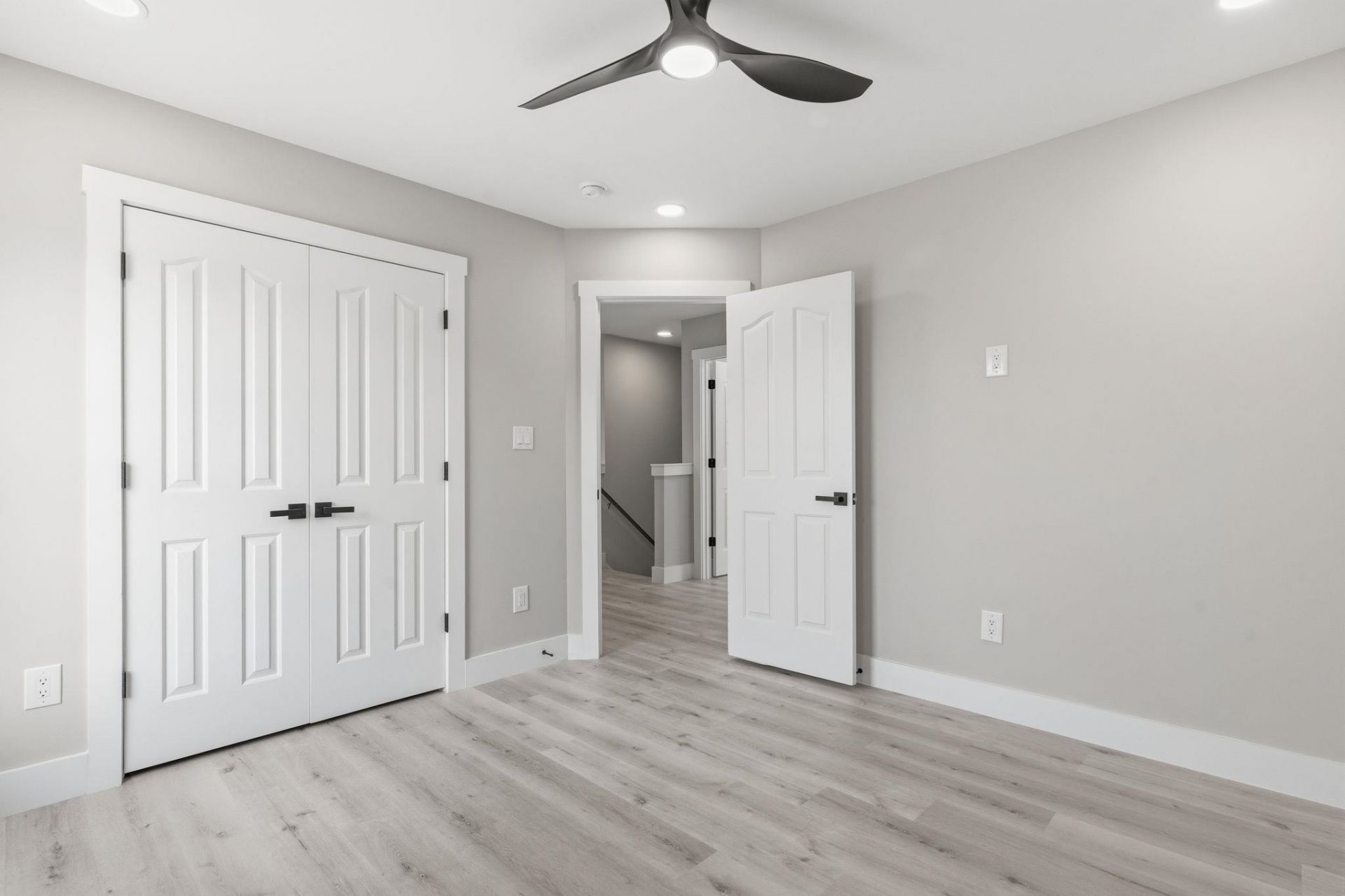 320 Muscari Dr. Photo 17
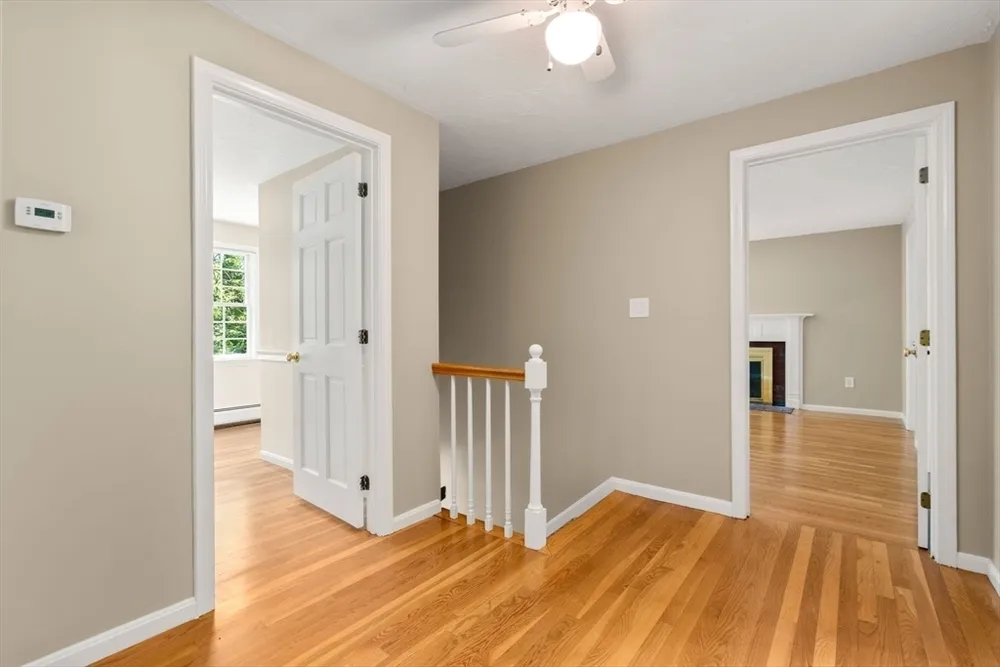 141 Westgate Rd, Wellesley Hills, MA 02481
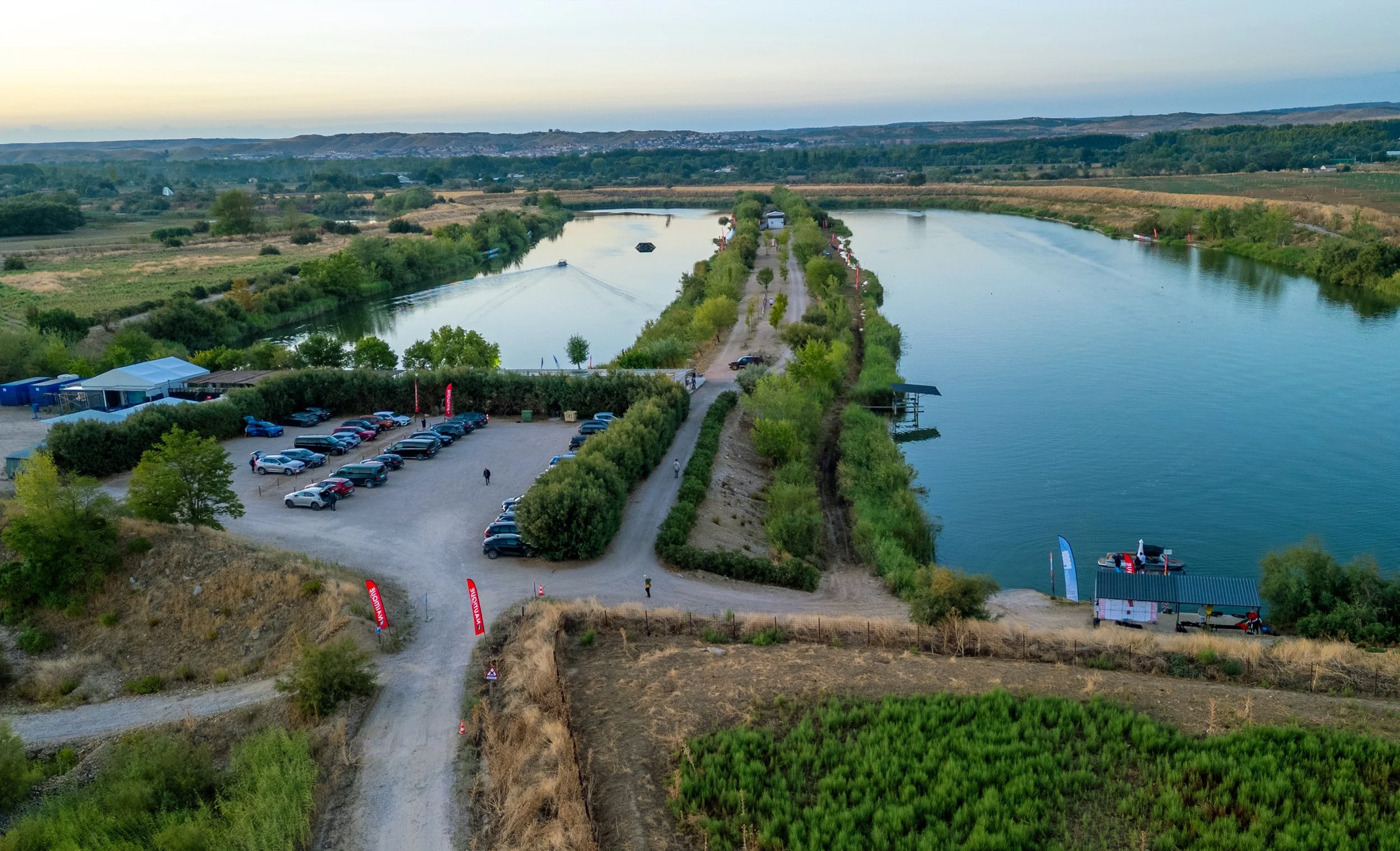 Lago Aerea.jpg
——————
▸ **Task to complete**
The copy must match the listing above exactly but contain no pictures.

▸ **Written answer**
 320 Muscari Dr. Photo 17
 141 Westgate Rd, Wellesley Hills, MA 02481
 Lago Aerea.jpg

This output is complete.